As is known, the material for scientific theorizing is extraordinary huge – it is all the experience accumulated by humankind during the conscious existence, i.e. all the sum of things and images accessible to the labour and thought of humankind. And all inaccessible, everything outside the experience is unscientific and represents no scientific interest as not subjected to a practical check. A scientific reasoning about extraempirical is nothing more than a useless expenditure of energy.

As to reasoning in general, then as an element of communication it is widely used as a means of exchange of experience, as one of the ways of ordered statement of thoughts. At presence of some intellectual training it is possible to reason about all and without any difficulty: for this purpose it is quite enough that a discourse is smooth and contains no evident nonsenses, what is practically easily solved by stylistic training and by some caution in choice of word combinations.

And as to a scientific reasoning, then in the sphere of science it is one of the major and powerful means of cognition, representing a grammatically and logically normalized process of organization of words and scientific concepts into a system of conclusions where the elements are «concepts with their coverings – words», the instruments are words, and «the cognitive connections are established through a number of intermediate links» [1].

Scientific cognition is impossible without this powerful means, but reasoning in itself does not lead to truth, with equal success it can result both in a mistake, and in a contradiction, and in an absurd. Why does it happen so? It would seem to be proceeded from true positions, logic is irreproachable at statement of thoughts, but an absurd turns finally out. What is the matter? If it is not a fault of grammar and logic, it is clear that it is necessary to search for the cause in elements of reasoning.
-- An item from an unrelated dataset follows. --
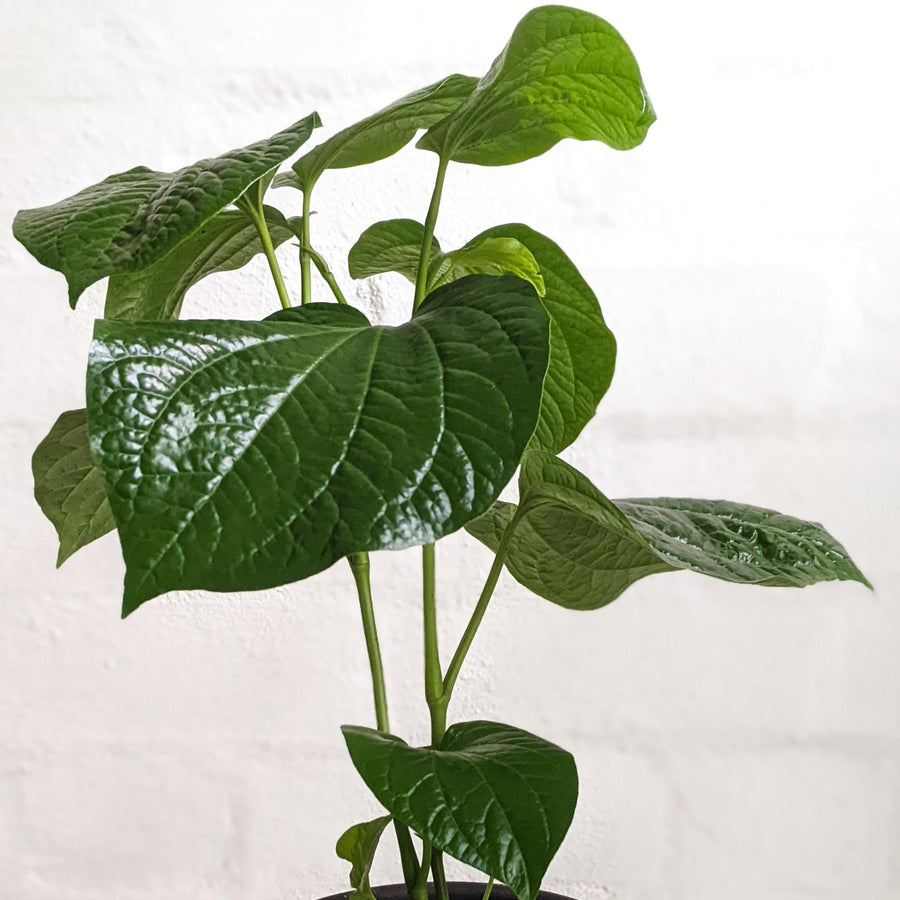 Betel Pepper Plant (Piper sarmentosum)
The elements of a scientific reasoning are scientific concepts which are neither narrow-minded terms with uncountable number of meanings nor philosophical, but the concepts developed by centuries with constant experimental check. Scientific concepts are the most exact, but this does not mean that they are single-valued: they are always many-valued, at that it is not a temporary omission which should be eliminated in the future. No, many-valuedness of scientific concepts, as well as of words in general, cannot and should not be destroyed: without it there is no motion in cognition, i.e. development of cognitive process, since without this plurality of meanings which actually creates the possibility of the development a word would turn into an obstacle to the development. Scientific concepts are differentiated by experience and develop with growth of observation and progress of experimental technics. In this way, for example, the concept of matter has developed: apart from its such concepts, originally being in the scientific turn, as atomic and molecular, at the present time a great number of the differentiated concepts of matter is used: proton, neutron, electronic, neutrino, photon, muonic etc. according to all known elementary particles which are in turn united by more general concepts of matter: boson, fermion, leptonic, mesonic and baryon (hadronic), the last according to the contemporary notions consists of the more fundamental matter – quark one; there is also a concept of matter absolutely opposite by the content to the all above-listed, – it is antimatter, i.e. positron, antineutrino, antiproton etc., and finally, its most general concepts, the very fashionable now, have arisen in the scientific use, – “dark” and “light” matter.

As far as there are no concepts without words, it is more suitable to consider them as a single interconnected complex of “word-concept”, in which, actually, a word represents the fixing covering of a concept, its skeleton, to which a very content of concept is attached. Each such fixing skeleton, i.e. a concrete word, is corresponded with a plural content which is just designated as a concept. For example, the word-concept of “mass” has the fixing skeleton in the form of combination of four letters and three sounds, with which the seven-valued content is connected: in mechanics it is a measure of inertness, and in cosmic physics – of gravitation; in chemistry it is a quantity of substance; in industry – any raw materials or liquid and semiliquid mixture (mass of liquid glass, paper stock, fused mass of metal, etc.); in use – any formless substance in general; more often it is a great number, a huge quantity of something or someone; in Latin it is simply a lump or a piece; and finally there is one more meaning if the word is used in plural (the masses) – they are the bulk (the wide range) of population, people.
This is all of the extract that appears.